Reproduce the whole listing that follows, character for character, and drop the images.

Data>
▬▬▬
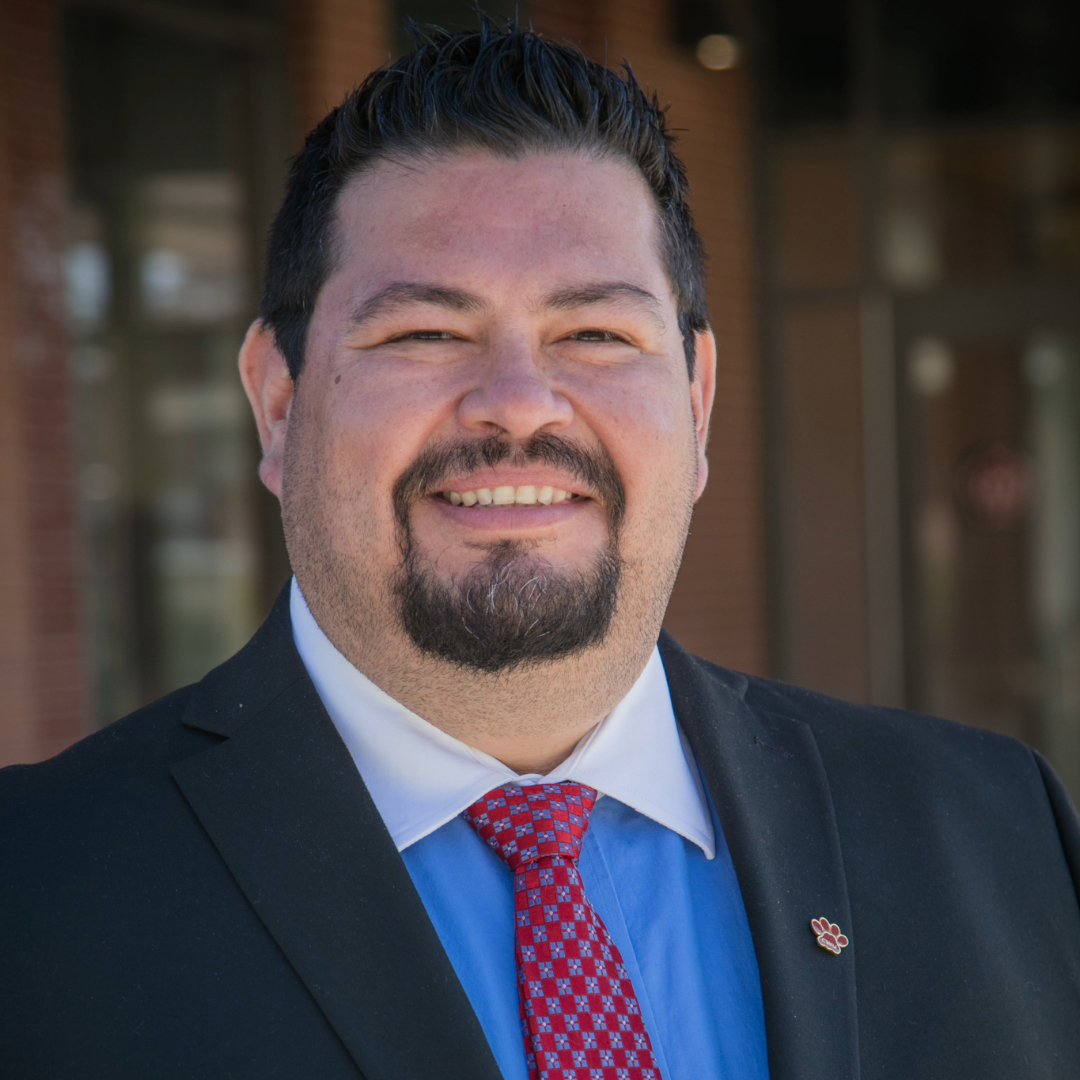 Arturo Torres Headshot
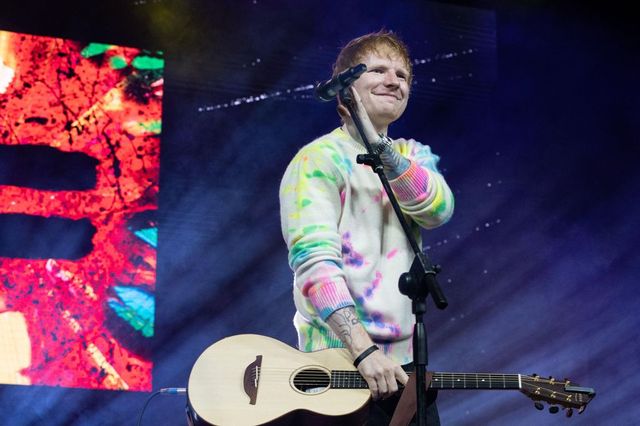 Ed Sheeran va concert pe Arena Națională pe 24 august 2024
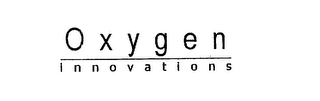 OXYGEN INNOVATIONS logo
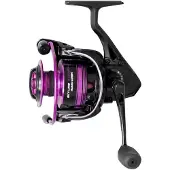 Cinnetic Sky Line Purple Light Game Crbk Spinning Reel Roze 1500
▬▬▬
Worked solution>
 Arturo Torres Headshot
 Ed Sheeran va concert pe Arena Națională pe 24 august 2024
 OXYGEN INNOVATIONS logo
 Cinnetic Sky Line Purple Light Game Crbk Spinning Reel Roze 1500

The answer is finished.